How did this sad business begin? One day in my early teens I stumbled upon a wolf in the forest–no, no, that’s another hairy story. Let me start again. One day I was sucking on a Sugar Daddy, which was my idea of heaven (keep in mind I was a  teeny bopper then with a short attention span and bad hair), and a dark cloud settled over my spirit and told me in the next few minutes that this lump of caramel ambrosia sloshing its high caloric-laden way down my throat would be gone, finished, kaput in less than a nanosecond. This was an epiphany of sorts for a 12-year-old who had recently failed a piano recital and was contemplating a career as a race car driver. Next thing I knew my lips were firmly pressed around the remaining sugar globules clinging to the wooden grain. To the naked eye of the average naked person, there was not an iota of candy remaining on the stick. Still, I could not part with it. I was absolutely fixated.  In my mind the sticky stick  was now associated with comfort, succor and all that makes us human. It always comes down to  timing, at least that’s what Woody Allen says and he should know.

That was the first of my many popsicle sticks. I could not keep the  hundred or so I accumulated (via the school cafeteria)  in  my “little Debbie’s pink and white ballet” room at home so I buried them in my school locker until I came of age at 17. Then I stored them in the trunk of my Chevy Nova. Bless my dear, dead Dad. He didn’t know at the time he presented me with my first car–a dirty, low-mileage, low-fuel, four-door heap that was as boxy as it was unbeautiful–that it would be the first enabler of my passion for popsicle sticks.

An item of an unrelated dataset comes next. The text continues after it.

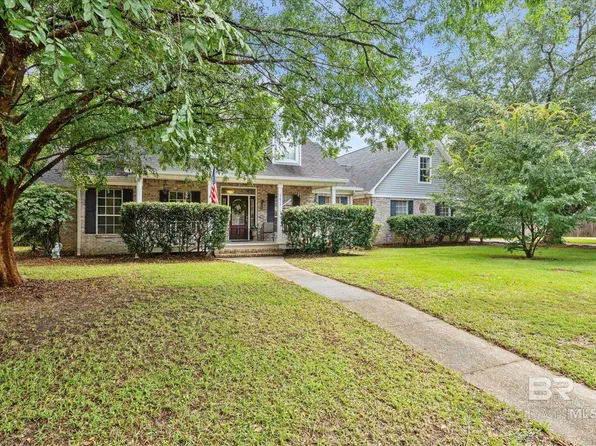 9874 Sommerset Dr, Daphne, AL 36526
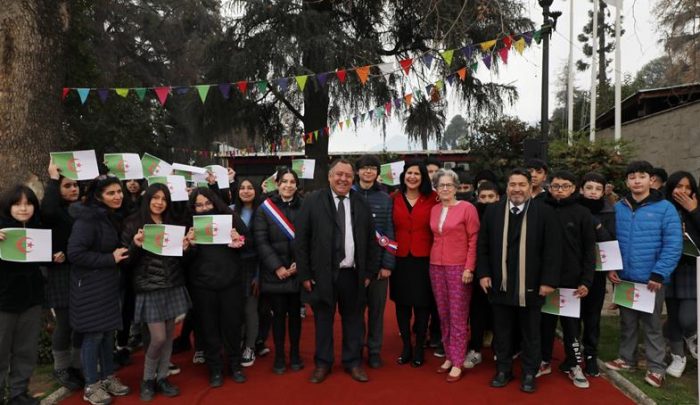Embajadora de Argelia visita la comuna de Graneros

I figure that currently I’m up to a count of about 1,598. What! You can’t spot them in my low-mileage 2006 Saturn SUV? That’s because I’m pretty crafty if I do say so myself.  If I can brag a little (and why not, trashy celebs do it all the time), I’ve become clever about where to store them. Except for the couple of hundred wooden wands that can poke you in the derriere any time I make a sharp turn or, for that matter, come to an abrupt stop with my air brakes, most of the better sticks (I define these as smooth grained ones with a low buff finish) are hidden below the seats in that flip-out area paralleling the floor mats. That means passengers hardly ever  stumble over loose popsicle sticks. Thus they can admire the artistic “pop” designs I’ve made using these hoarded materials. I’ve decorated the car interior walls with them, and they do a great job covering up those dirty kiddy and puppy messes that so often befall leather interior walls. A little spray glitter and now they shine, shine, shine.

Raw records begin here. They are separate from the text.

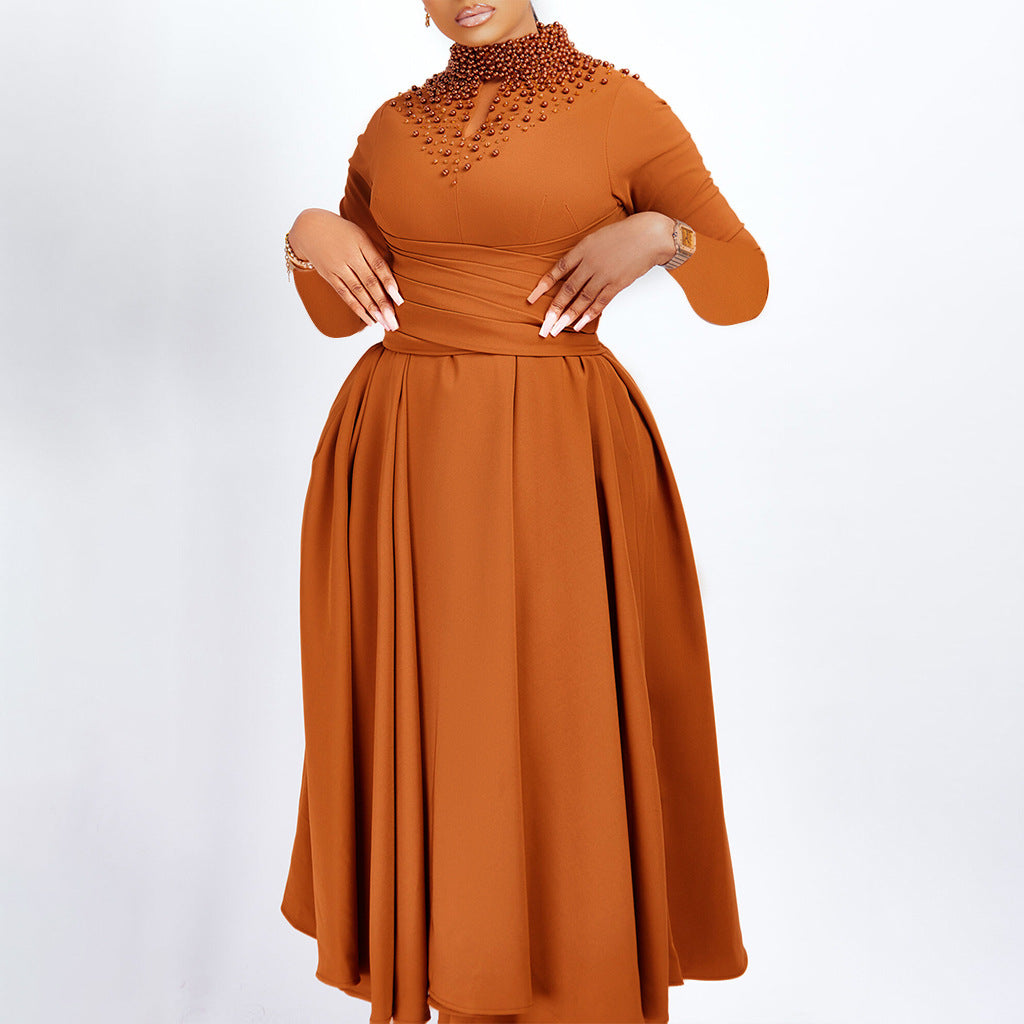 Dame festligt maxikjole med eksklusiv perlebesætning og elegant vikkelook Stilla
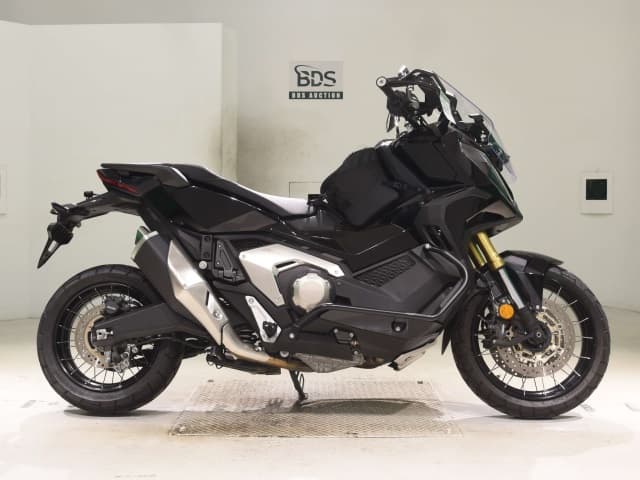 Honda X-ADV750-2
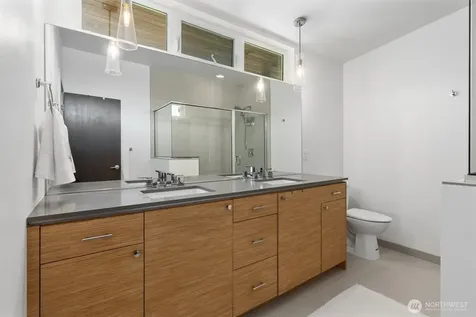 7016 California Avenue SW Seattle WA 98136
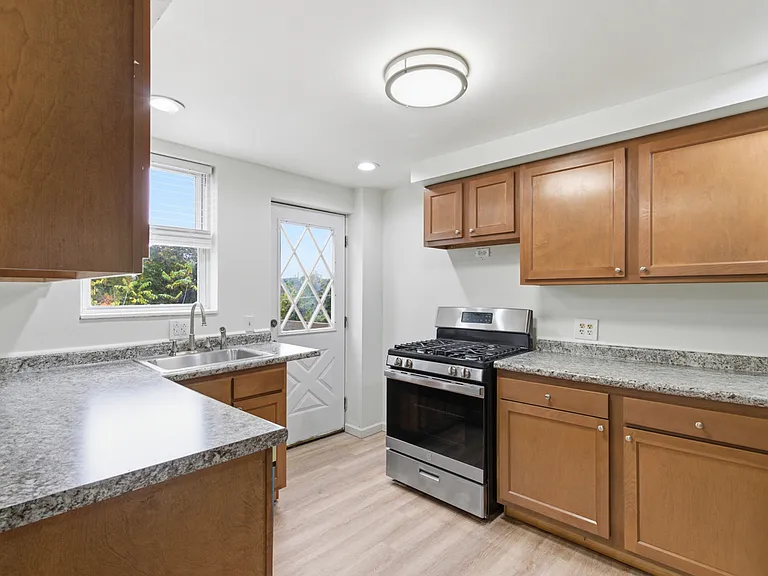 790 Highland Ave — Photo 33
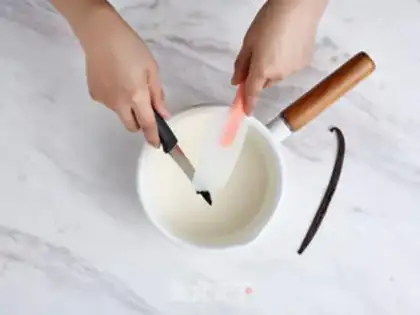 Make Strawberry balls step 4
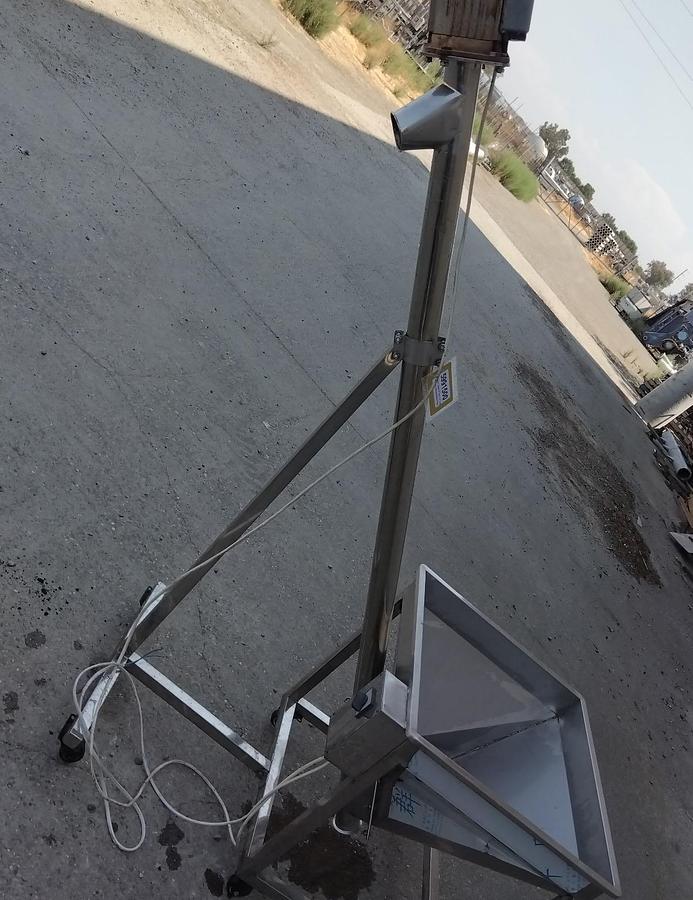 Used Conveyor, Screw, 3" Dia x 7.5' Long, Stainless, Inclined, Ribbon Flight, #5991500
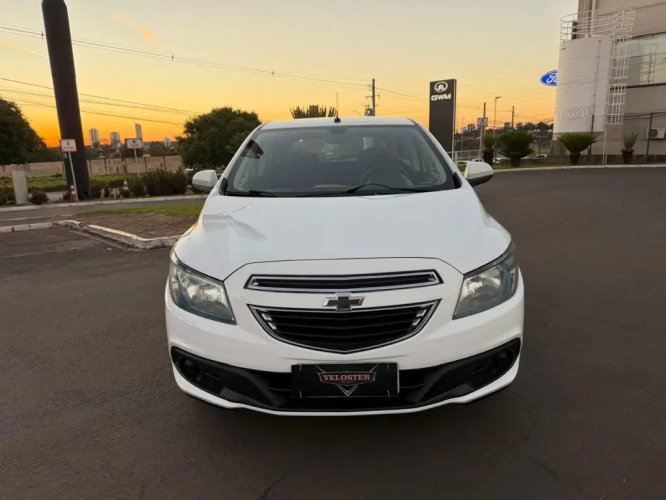 CHEVROLET Onix Hatch 1.4 4P FLEX LT, Foto 2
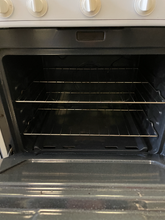 Load image into Gallery viewer, Magic Chef Gas Stove - 2840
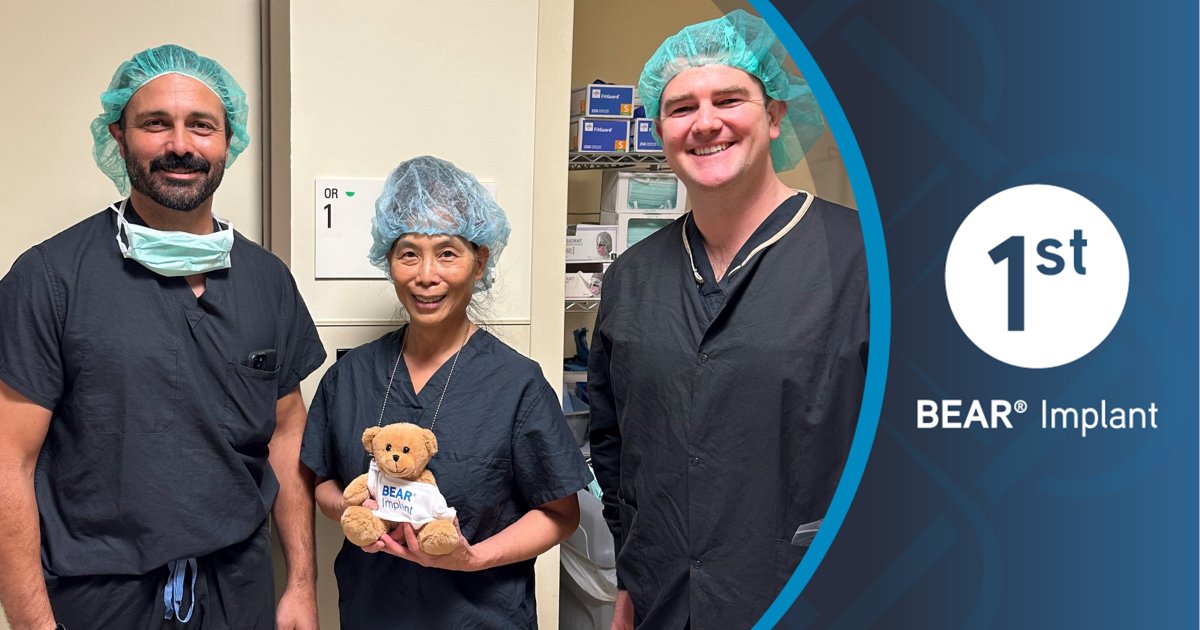 MiachOrtho's tweet photo. Congratulations to Dr. Constance Chu of @Stanford_Ortho for completing the first #BEARImplant procedure at @StanfordMed in Palo Alto, California! #ACLtear #ACLrestoration #BEARacl @StanfordHealth https://t.co/FHx5dbFzsM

Of course, I’m not sure what I’ll do when I trade in the car for a bigger and more spacious model–that should be in about a year. Then  I project the popsicle count will be upwards of 4,000. That’s if I continue to deteriorate psychologically, continue sublimating my innermost needs and reaching out to the nearest enabling grocery freezer for fabuloso goodies. You’d be surprised to learn how many popsicle-constructed edibles supermarkets furnish. In a way, it’s their fault I am what I am.

And, yes, that’s the bigger of the two–or is it three?– problems I wrestle with.  Thanks to my job as an air controller, I can afford a medium-size luxury car with the square footage that will allow me to display all my popsicle amigos, but if I want something on the level of a Porsche or Lamborghini, that would mean signing a contract with another one of those stupid reality TV producers who  care nothing about my mental health but use my little problem  for their own selfish, greedy ends. I can just see it now, a show titled “Hoarding for Honey Bear.”  But you got to do what you got to do, right? And if I want that Ferrari, I’ll have to share a few disgusting stories with Hollywood Hank and his Conniving Camera Team. Look for me on Channel 12–I’ll be there in all my goofy glory.